A recurrent neural network for computational physiology and its application to intracoronary image-derived fractional flow reserve

• Published in: Engineering applications of artificial intelligence Vol. 146; p. 110309
• Main Authors: Zheng, Sun, Wenbin, Jiao, Shuyan, Wang
• Format: Journal Article
• Language: English
• Published: Elsevier Ltd 15.04.2025
• Subjects: Computational physiology; Coronary artery; Fractional flow reserve; Intracoronary imaging; Physical knowledge discovery; Recurrent neural network; Physical knowledge discovery; Recurrent neural network; Computational physiology; Fractional flow reserve; Intracoronary imaging; Coronary artery
• ISSN: 0952-1976
• DOI: 10.1016/j.engappai.2025.110309

Traditional data-driven neural networks struggle to extract physical properties from complex visual data, particularly in medical imaging. An example is calculating fractional flow reserve (FFR) from coronary artery images, which involves the discovery of physical knowledge from visual data. This study proposes a novel deep learning framework to calculates the distribution of FFR along coronary vessels from intracoronary images, integrating both geometric features and blood flow dynamics. Existing FFR estimation methods rely on computationally intensive three-dimensional reconstructions, which may lack accuracy in estimating FFR distributions across vascular segments. A multi-input, multi-output deep bidirectional recurrent neural network is introduced, directly estimating FFR values from intracoronary images by combining vessel geometry with physical knowledge of blood flow, without the need for three-dimensional reconstructions.

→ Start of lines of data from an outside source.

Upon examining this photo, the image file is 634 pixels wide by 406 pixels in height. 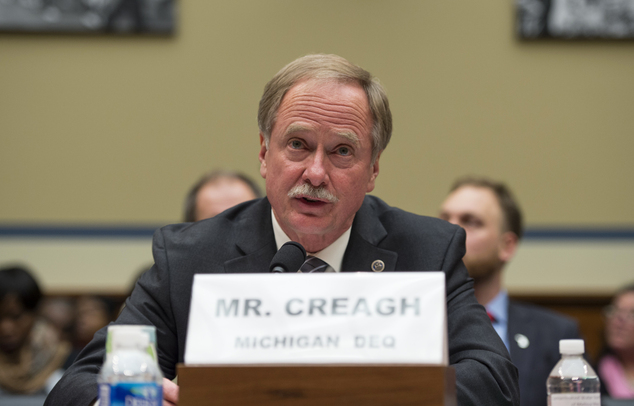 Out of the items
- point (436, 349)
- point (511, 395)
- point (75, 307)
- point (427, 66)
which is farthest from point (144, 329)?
point (427, 66)

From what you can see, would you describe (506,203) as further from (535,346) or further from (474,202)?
(535,346)

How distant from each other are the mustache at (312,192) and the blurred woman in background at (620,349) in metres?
2.87

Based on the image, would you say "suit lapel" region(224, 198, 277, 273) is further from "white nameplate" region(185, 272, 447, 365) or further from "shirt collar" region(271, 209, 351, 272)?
"white nameplate" region(185, 272, 447, 365)

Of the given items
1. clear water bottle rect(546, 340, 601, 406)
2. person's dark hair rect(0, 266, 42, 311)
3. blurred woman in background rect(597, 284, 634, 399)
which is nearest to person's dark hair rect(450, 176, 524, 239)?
blurred woman in background rect(597, 284, 634, 399)

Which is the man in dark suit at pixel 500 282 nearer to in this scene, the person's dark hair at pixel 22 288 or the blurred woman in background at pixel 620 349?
the blurred woman in background at pixel 620 349

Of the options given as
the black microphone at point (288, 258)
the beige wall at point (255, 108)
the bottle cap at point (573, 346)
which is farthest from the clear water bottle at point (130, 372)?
the beige wall at point (255, 108)

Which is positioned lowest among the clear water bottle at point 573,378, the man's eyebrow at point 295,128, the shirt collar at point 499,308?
the shirt collar at point 499,308

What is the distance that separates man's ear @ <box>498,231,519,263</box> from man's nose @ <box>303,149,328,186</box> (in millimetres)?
2000

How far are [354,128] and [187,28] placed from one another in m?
4.57

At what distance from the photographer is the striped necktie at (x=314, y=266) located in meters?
1.82

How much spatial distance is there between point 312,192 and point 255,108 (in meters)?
4.35

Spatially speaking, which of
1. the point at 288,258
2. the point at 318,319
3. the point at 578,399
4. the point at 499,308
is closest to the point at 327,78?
the point at 288,258

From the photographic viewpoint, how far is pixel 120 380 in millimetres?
998

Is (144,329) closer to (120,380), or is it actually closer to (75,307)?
(120,380) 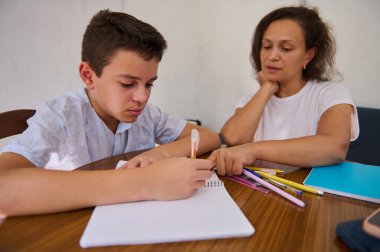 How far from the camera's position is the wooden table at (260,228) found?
1.14ft

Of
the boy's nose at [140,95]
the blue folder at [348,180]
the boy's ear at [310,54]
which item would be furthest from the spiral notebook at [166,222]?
the boy's ear at [310,54]

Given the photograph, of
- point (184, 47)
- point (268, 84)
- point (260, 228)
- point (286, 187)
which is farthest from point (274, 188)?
point (184, 47)

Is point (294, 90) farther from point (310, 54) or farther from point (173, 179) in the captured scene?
point (173, 179)

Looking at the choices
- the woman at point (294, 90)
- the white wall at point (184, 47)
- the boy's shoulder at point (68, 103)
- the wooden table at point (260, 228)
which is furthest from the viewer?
the white wall at point (184, 47)

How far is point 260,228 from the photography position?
0.40 metres

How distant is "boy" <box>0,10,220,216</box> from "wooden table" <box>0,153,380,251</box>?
0.04m

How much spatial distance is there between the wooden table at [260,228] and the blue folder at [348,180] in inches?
0.7

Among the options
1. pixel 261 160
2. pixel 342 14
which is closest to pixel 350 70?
pixel 342 14

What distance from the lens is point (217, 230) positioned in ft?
1.22

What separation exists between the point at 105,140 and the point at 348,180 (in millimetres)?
671

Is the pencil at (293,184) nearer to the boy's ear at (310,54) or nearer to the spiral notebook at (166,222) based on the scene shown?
the spiral notebook at (166,222)

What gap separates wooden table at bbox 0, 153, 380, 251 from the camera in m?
0.35

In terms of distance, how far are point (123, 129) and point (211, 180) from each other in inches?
16.3

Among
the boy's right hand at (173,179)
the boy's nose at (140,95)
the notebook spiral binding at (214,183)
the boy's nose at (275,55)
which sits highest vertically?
the boy's nose at (275,55) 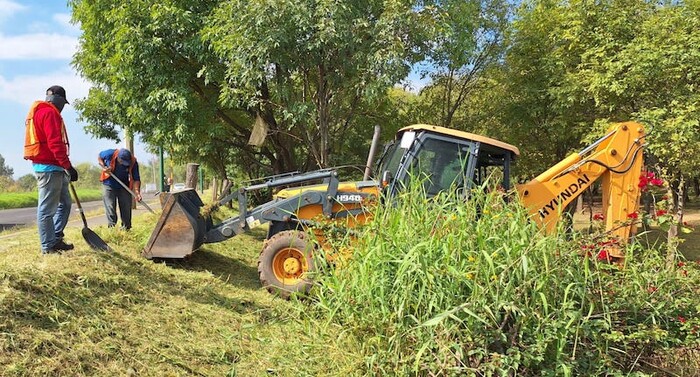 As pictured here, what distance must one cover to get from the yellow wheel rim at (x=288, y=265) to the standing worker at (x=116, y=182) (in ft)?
8.43

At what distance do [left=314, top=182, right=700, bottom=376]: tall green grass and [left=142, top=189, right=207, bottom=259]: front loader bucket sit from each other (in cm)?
382

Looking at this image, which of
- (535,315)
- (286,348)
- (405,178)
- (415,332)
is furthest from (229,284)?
(535,315)

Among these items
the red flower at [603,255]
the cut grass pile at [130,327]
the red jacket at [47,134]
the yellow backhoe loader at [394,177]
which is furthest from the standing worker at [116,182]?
the red flower at [603,255]

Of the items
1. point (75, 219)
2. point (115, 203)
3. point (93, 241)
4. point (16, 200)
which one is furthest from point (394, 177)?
point (16, 200)

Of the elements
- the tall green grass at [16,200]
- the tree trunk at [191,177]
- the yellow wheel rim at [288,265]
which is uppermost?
the tree trunk at [191,177]

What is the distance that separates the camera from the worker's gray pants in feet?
24.7

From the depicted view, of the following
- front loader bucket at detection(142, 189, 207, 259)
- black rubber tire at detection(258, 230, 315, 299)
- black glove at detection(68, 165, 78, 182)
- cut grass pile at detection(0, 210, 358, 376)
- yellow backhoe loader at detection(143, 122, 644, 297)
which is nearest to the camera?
cut grass pile at detection(0, 210, 358, 376)

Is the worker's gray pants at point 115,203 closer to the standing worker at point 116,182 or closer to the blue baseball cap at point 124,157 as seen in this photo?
the standing worker at point 116,182

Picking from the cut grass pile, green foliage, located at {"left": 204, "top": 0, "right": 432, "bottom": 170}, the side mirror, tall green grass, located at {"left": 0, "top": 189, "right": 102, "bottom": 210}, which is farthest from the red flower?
tall green grass, located at {"left": 0, "top": 189, "right": 102, "bottom": 210}

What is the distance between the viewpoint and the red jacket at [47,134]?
189 inches

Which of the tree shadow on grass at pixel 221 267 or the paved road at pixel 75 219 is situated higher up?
the tree shadow on grass at pixel 221 267

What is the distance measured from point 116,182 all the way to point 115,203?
396 millimetres

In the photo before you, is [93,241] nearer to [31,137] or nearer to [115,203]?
[31,137]

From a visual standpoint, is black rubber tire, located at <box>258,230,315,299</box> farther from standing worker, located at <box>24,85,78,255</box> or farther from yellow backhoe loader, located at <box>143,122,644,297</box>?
standing worker, located at <box>24,85,78,255</box> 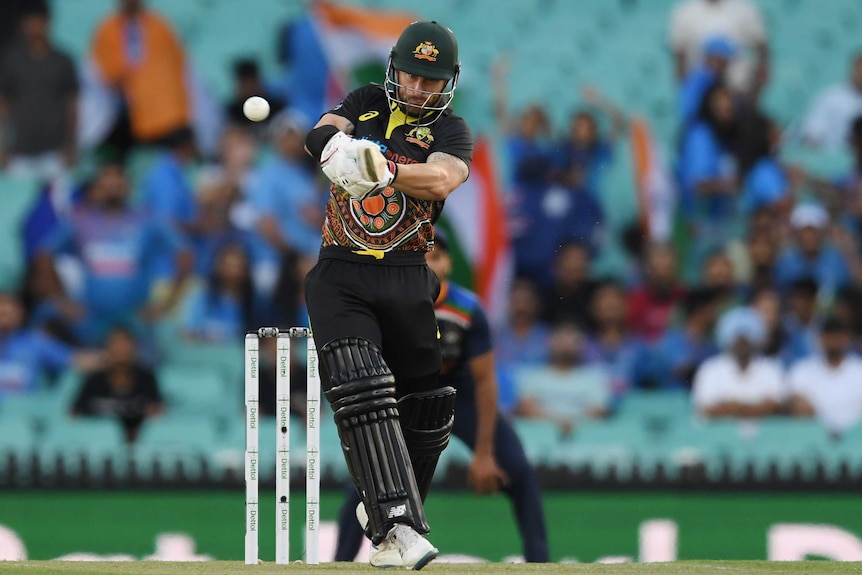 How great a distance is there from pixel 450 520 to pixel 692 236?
3227 mm

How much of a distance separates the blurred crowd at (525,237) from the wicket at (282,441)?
156 inches

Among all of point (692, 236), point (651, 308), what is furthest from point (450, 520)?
point (692, 236)

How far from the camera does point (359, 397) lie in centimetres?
519

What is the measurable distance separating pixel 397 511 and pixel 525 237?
18.5 feet

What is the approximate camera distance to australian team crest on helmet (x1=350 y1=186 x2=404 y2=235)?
5.34 m

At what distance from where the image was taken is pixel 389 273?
212 inches

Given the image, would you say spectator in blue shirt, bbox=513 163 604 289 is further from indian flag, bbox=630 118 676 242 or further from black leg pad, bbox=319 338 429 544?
black leg pad, bbox=319 338 429 544

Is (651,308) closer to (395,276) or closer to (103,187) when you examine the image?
(103,187)

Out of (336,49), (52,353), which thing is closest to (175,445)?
(52,353)

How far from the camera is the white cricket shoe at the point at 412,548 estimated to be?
5066mm

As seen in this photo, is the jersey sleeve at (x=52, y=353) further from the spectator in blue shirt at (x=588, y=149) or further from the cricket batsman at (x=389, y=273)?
the cricket batsman at (x=389, y=273)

The network model demonstrates strong performance on synthetic and clinical datasets, with correlations of 0.91 and 0.85 to computational fluid dynamics simulations for synthetic and clinical data, respectively. It also achieves area under the receiver operating characteristic curve values of 0.97 and 0.94 for ischemic lesion detection. This framework enhances FFR estimation and ischemic lesion identification accuracy while reducing computational costs compared to three-dimensional reconstruction methods. The model shows promise for clinical applications in coronary artery diseases and could be integrated into clinical decision support systems to improve diagnostic workflows.